## Cumulative frequency screencast

The YouTube video above explains the idea of cumulative frequency. It is the first fully scripted screencast, and I think it sounds like it is being read out! I’m going back to the cue card idea and extemporising around the slides I think.

This screencast is aimed at GCSE Maths students working at intermediate level on the data handling module of a modular GCSE. I have left out questions like “what percentage of the seedlings where greater than 50 mm in height” and I have used intervals that make finding the upper class boundary easy. Both of these points will need to be explored in a handout and in revision sessions.

### The script

This screencast assumes that you know what a grouped frequency distribution is, and that you are familiar with terms like range and median.

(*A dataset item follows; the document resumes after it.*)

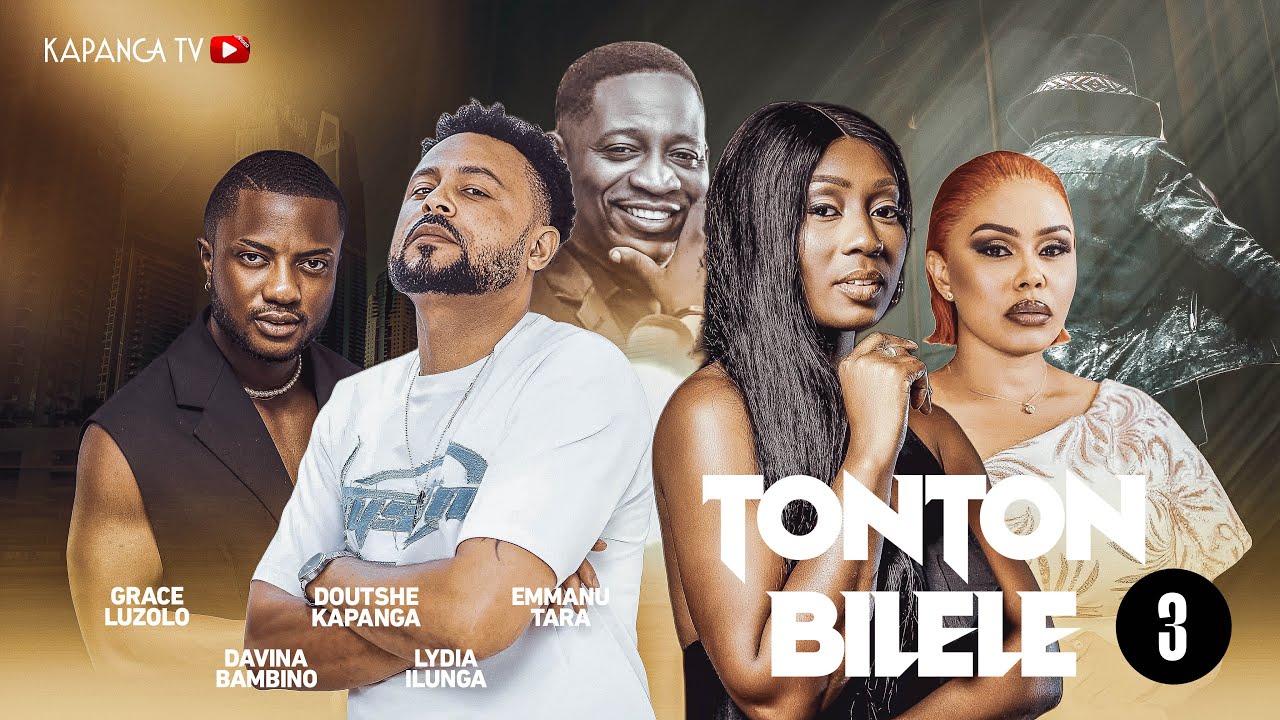 TONTON BILELE | EPISODE 3 | Film congolais 2025 | Doutshe KAPANGA | PKD production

Slide 1: I will show how to find the cumulative frequencies from a frequency table and plot these against the upper class boundary for each interval in the table. Then I will use the cumulative frequency curve to find the median and the upper and lower quartiles. Finally, I will calculate the inter-quartile range and explain what the IQR tells you about the distribution.

Slide 2: The cumulative frequency is a running total of the frequency. Lets look as some example data…

Slide 3: This frequency table shows the results from some cress seedlings grown on soil. To find the cumulative frequencies just..

Slide 4: ...add a row for the cumulative frequencies…

Slide 5: The first cumulative frequency is seven..

Slide 6: The next cumulative frequency is seven plus twelve giving nineteen

Slide 7: and then the next cumulative frequency is seven plus twelve plus fifteen giving thirty four. You can add the fifteen in the third column to the cumulative frequency in the previous column, nineteen, to get the same result…

Slide 8: and finally just add three to the thirtyfour to get thirty seven. So now you have all the cumulative frequencies. The last cumulative frequency should be the total of the frequencies as a check.

Slide 9: Next we need to identify the upper class boundaries for the frequency diagram. These are what we plot the cumulative frequencies against.

Slide 10: The upper class boundary of the first interval is the largest value that can be allocated to the first interval.

Slide 11: Because of the way we have written the intervals, forty five is the largest value in the first interval.

Slide 12: fifty is the upper class interval for the second interval….

Slide 13: ... and fifty-five for the third…

Slide 14: .... and sixty for the last interval. Other ways of writing the intervals can make it harder to find the upper class boundaries – there are some examples in the handout.

Slide 15: ...Now we need to plot the cumulative frequency against the upper class boundaries
Slide 16: The data we are plotting looks like this (you don’t need to draw a new table when you are doing exam questions). The upper class boundary is plotted on the horizontal axis and the cumulative frequency on the vertical axis

Slide 17: A suitable graph scale might look like this. You plot each point just as you would on a scatter diagram.

Slide 18: To plot the first point, go along to 45mm on the horizontal axis and up to 7 on the vertical axis. I’m using huge blobs for clarity, you would be using small neat crosses!

Slide 19: along to 50mm and up to 19…

Slide 20: along to 55mm and up to 34…

Slide 21: along to 60mm and up to 37..

Slide 22: and then we add a point at forty mm and zero cumulative frequency. I chose 40mm as this is 45 – 5, or an interval width of 5 ‘before’ the first upper class boundary value. This extra point provides us with a starting value for the curve

Slide 23: Finally you draw a smooth curve through the points – don’t join the points dot-to-dot.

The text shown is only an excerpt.